The Three Oddest Words
When I pronounce the word Future,
the first syllable already belongs to the past.
When I pronounce the word Silence,
I destroy it.
When I pronounce the word Nothing,
I make something no non-being can hold.
Possibilities
I prefer movies.
I prefer cats.
I prefer the oaks along the Warta.
I prefer Dickens to Dostoyevsky.
I prefer myself liking people
to myself loving mankind.
I prefer keeping a needle and thread on hand, just in case.
I prefer the color green.
I prefer not to maintain
that reason is to blame for everything.
I prefer exceptions.
I prefer to leave early.
I prefer talking to doctors about something else.
I prefer the old fine-lined illustrations.

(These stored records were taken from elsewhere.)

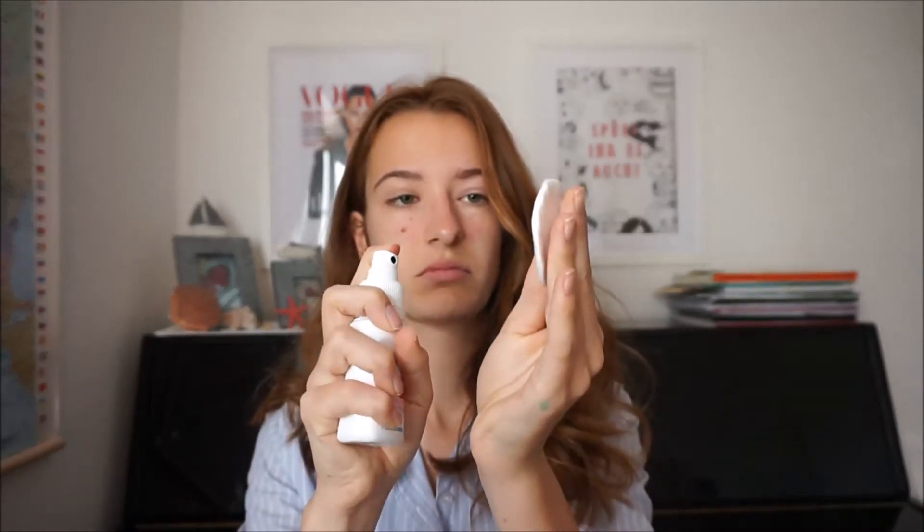That way all the bacteria get away, especially around my T-zone where I tend to get some little blackheads from time to time. After I did that I'm going to generally fix my hair because the next step is going to be creams and stuff.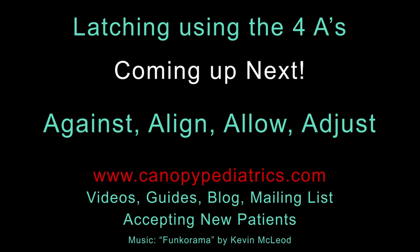So in summary for the cradle hold, try to follow SOS: S stands for the semi-reclined position, O stands for open shoulders and chest, and S stands for skin to skin. Stay tuned as the next videos in the series will focus on the latch, and like SOS, I have another acronym to help nursing parents obtain a great latch — the four A's: against, align, allow, and adjust. Don't forget to visit my Tallahassee office's website, canopypediatrics.com, where you can download the accompanying guide for today's video. On the website you can also view other educational videos, join my weekly newsletter, and read my blog. I'm also accepting a limited number of patients into my personal concierge practice, where we can work on breastfeeding and other issues together in person. See you again soon.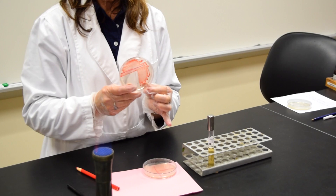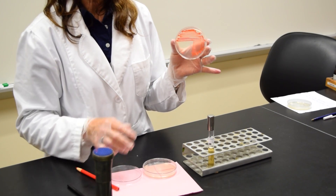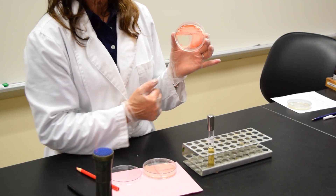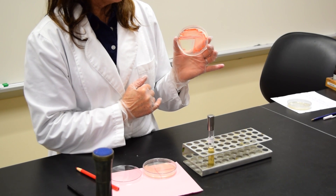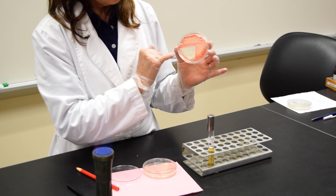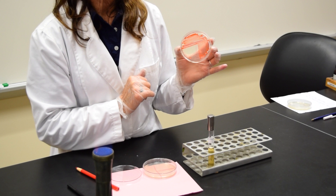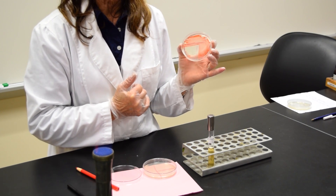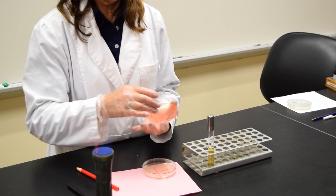When I take a look at the plate, I should notice the most number of organisms in area one. In area two, there's quite an abundance of organisms, but I begin to see individual colonies. And then in area three, I should also see some individual colonies. I've just isolated the bacteria and separated them out.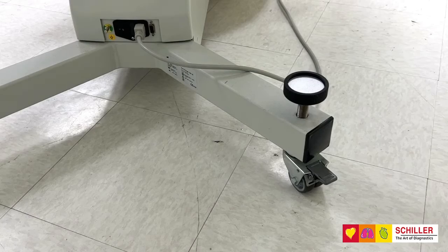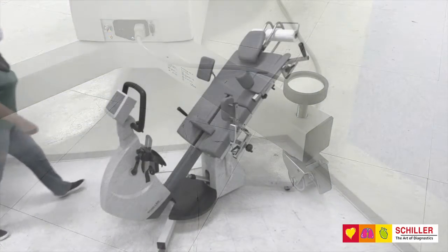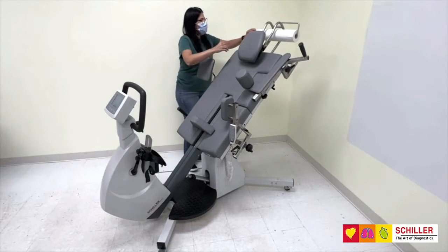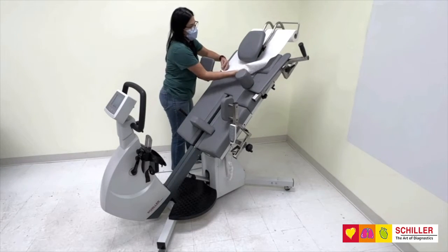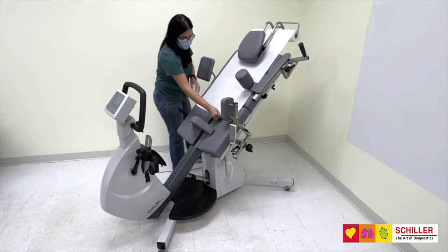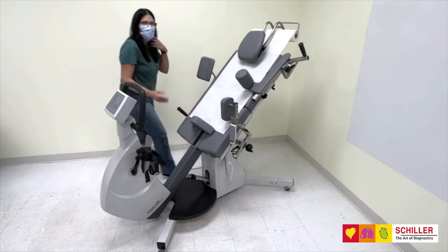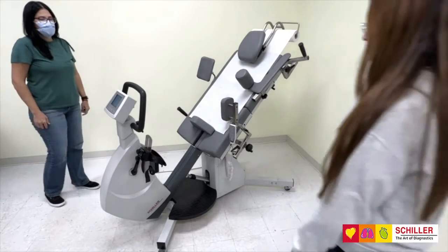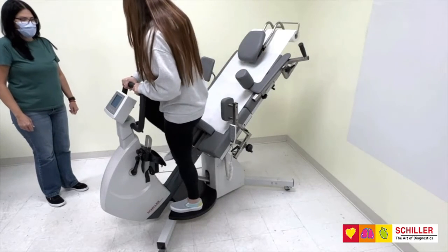The base is equipped with lockable heavy-duty rollers. The paper roll carrier situated under the headrest allows for easily replacing the sanitary paper sheet between patients. The footboard and handlebar serve as mounting safety aids.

I prefer the absurdity of writing poems
to the absurdity of not writing poems.
I prefer, where love's concerned, nonspecific anniversaries
that can be celebrated every day.
I prefer moralists
who promise me nothing.
I prefer cunning kindness to the over-trustful kind.
I prefer the earth in civvies.
I prefer conquered to conquering countries.
I prefer having some reservations.
I prefer the hell of chaos to the hell of order.
I prefer Grimms' fairy tales to the newspapers' front pages.
I prefer leaves without flowers to flowers without leaves.
I prefer dogs with uncropped tails.
I prefer light eyes, since mine are dark.
I prefer desk drawers.
I prefer many things that I haven't mentioned here
to many things I've also left unsaid.
I prefer zeroes on the loose
to those lined up behind a cipher.
I prefer the time of insects to the time of stars.
I prefer to knock on wood.
I prefer not to ask how much longer and when.
I prefer keeping in mind even the possibility
that existence has its own reason for being.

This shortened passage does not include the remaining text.